O ano escolar abriu oficialmente na passada sexta-feira(05) em Moçambique, milhões de meninas e meninos estão matriculados no ensino básico que é suposto ser gratuito. Mas Esmeralda e Celina, que deveriam frequentar a 5ª e 6ª classes, respectivamente, ainda não têm o dinheiro suficiente para comprarem os cadernos, os lápis, as esferográficas e as borrachas que necessitam.
Desde 2004 que as tarifas de acesso à escola primária foram abolidas em Moçambique e o Governo tem investido na produção de livros escolares que são distribuídos gratuitamente por todo o país. Contudo para um aluno poder frequentar as aulas da 1ª à 5ª classe precisa também de possuir cadernos, que custam 10 meticais cada, pelo menos um lápis de carvão e uma borracha, que custam pelo menos outros 10 meticais. Além disso o aluno é obrigado a ter o fardamento escolar que cujo preço varia dos 150 a 300 meticais.
Esmeralda Agostinho fez a 4ª classe, no ano passado, na escola primária de Naphome, no distrito de Rapale, na província de Nampula, e este ano prepara-se para frequentar a 5ª classe. Porém a tia, que é a sua encarregada de educação há dois anos, altura em que ficou orfã de pai e mãe, não tem rendimentos para que todos possam alimentar-se com dignidade todos os dias. Para adquirir o material escolar que falta a Esmeralda tem que trabalhar.
Desde a última semana de Dezembro a rapariga, de dez anos de idade, acorda bem cedo todos os dias e vai ao poço do seu bairro encher o seu bidão com água fresca. Em seguida dirige-se para o mercado local onde se senta por baixo de uma sombra e torce para que seja mais um dia de muito calor para que mais pessoas sintam sede e comprem um copo com água. Com o lucro deste pequeno negócio Esmeralda já tem assegurados 105 meticais e pouco falta para comprar o seu uniforme escolar.
Esmeralda vai ter de continuar a ser empreendedora até conseguir juntar o dinheiro que lhe falta para comprar os oito cadernos que precisa e pelo menos duas esferográficas, pelo menos para o início das aulas. A menor nem sequer se lembra que precisa também de pelo menos um par de chinelos para não caminhar descalça para as aulas.
“Crianças provenientes de famílias com menor nível de despesa têm menor acesso à educação”
Drama idêntico, para adquirir o seu material escolar e fardamento, vive Celina Andrade. Orfã de pai, Celina vive com a mãe camponesa e os irmãos, dois mais crescidos e outros dois menores que ela. A chuva que tem caído, se não danificar a residência da família cujas paredes são de adobe e o tecto é coberto com capim, é uma bênção pois rega a machamba e garante que fome não irão passar, haverá mandioca, milho e amendoim e outras hortícolas.

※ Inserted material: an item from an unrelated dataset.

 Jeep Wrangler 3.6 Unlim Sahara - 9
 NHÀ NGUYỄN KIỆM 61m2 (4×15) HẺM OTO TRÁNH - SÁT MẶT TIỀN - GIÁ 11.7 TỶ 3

Celina concluiu a 5ª classe em 2015, na Escola Primária de Naphome, e prepara-se para ingressar na 6ª classe é exemplo vivo da falta de qualidade da educação em Moçambique, só para escrever as duas palavras do seu nome precisa de cerca de quatro minutos e a lê de forma muito rudimentar.
Mas a menor tem vontade de aprender e por isso também tornou-se numa empreendedora vendendo água para quem tenha sede no mercado da região, um local de aglomeração e passagem de muitos cidadãos todos os dias. Não conseguiu indicar-nos quanto tem amealhado mas pelas suas contas de cabeça falta pouco para poder comprar os cadernos, esferográfica e o fardamento da escola.
De acordo com o Inquérito ao Orçamento Familiar(IOF) de 2014/2015, produzido pelo Instituto Nacional de Estatísticas, a maioria dos moçambicanos não frequenta para além do ensino primário porque são pobres, depois do ensino primário passa a ser necessário pagar as tarifas escolares, aumentam as necessidades de materiais e até o Bilhete de Identidade, que nem 20% da população possui, passa a ser um imperativo. “(…)Crianças provenientes de famílias com menor nível de despesa têm menor acesso à educação e, consequentemente, menor possibilidade de frequentar níveis elevados de educação”, refere o IOF.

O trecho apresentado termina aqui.